X was actually developed by Nintendo EAD with heavy assistance from Argonaut Software, a British games development studio, and also the programming brains behind the Super FX chip and Star Fox. In other words, over time they improved dramatically, or rather, their vision was able to appear on hardware capable of achieving it.

In X, or "Ekkusu", you are driving a space tank named the "VIXIV". The year is XXXX — wow, not even going to try coming up with a year? At least you're not completely dating yourself there. (How would one date themselves — buy yourself flowers? I hate flowers.) The missions range from "get item to location" to "destroy enemies", or even "get item to location" — damn it, all that effort spent on 3D, and none on creative mission ideas? Either way, the main story is basically about defeating alien forces that are shooting down cargo ships carrying your priceless "Power Crystals". I think this story comes straight out of "Let's Write a Sci-Fi Plot".

So the game takes place in a first-person wireframe view, and you complete missions in the slowest most crawling-est gameplay on the original Game Boy. Beating them quickly and well enough gives you stars, which can be used as continues further through the game should you get defeated — I gave up long before that. I bet this was amazing in 1992, but damn is it near unplayable now.

When this guy talks, I have no choice but to listen.

Very quickly: the A Button shoots lasers dead ahead, the B Button uses a stronger weapon which is limited, Start pauses the game, and the Power Switch is a great way to turn the Game Boy off and minimize the risk of brain damage posed by playing X.

The soundtrack is perhaps the only saving grace in X; supposedly, it is the first soundtrack ever composed by Kazumi Totaka, the voice of Yoshi. No, seriously, he is. X garnered a lot of attention around 2006-2007 when the search for the elusive "Totaka's Song" was in full swing. A 19-note song first discovered in Mario Paint by literally everyone and then in other games. Luigi's Mansion, Legend of Zelda: Link's Awakening, Mario Kart 8... MARIO KART 8? Since when!? Holy crap, it's there all right. Jeez, this song gets around a bit. Oh, the discovery was in January of this year, so I don't feel too stupid for not knowing.

Three things I think X really could have benefited from... First of all, an English-language release. If I didn't have to poke and hope through the kanji, I think this game would be infinitely better.
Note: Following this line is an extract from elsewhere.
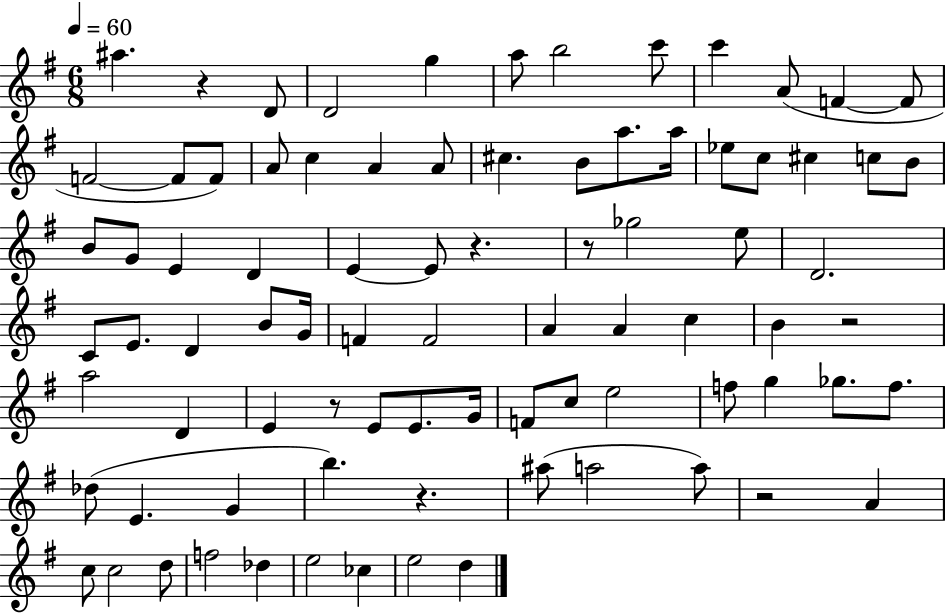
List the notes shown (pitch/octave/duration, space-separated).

The game also needs to be somehow sped up; it's clear the Game Boy is having a very hard time rendering 3D, it makes me wonder, "why bother"? Some Game Boy Advance games are the same: they run far too slow. Perhaps shooting for more than the hardware could handle wasn't a good idea?

And lastly? A decent musical score. I know that the whole intention with X was for the soundtrack to be atmospheric and foreboding, but the game uses the same instrument set as the later released Link's Awakening and Kaeru no Tame ni Kane wa Naru... both games have excellent music, and the "Tunnel Scene" from X shot up in popularity thanks to its inclusion in Super Smash Bros. Brawl. Imagine how much more respect this soundtrack would deserve if it contained more of these catchy themes? I dunno.

Look, I bet there's probably quite a fine little game hidden somewhere in X, but I'm not going to look any harder for it. Let's just give this a meaningless number and be done with it.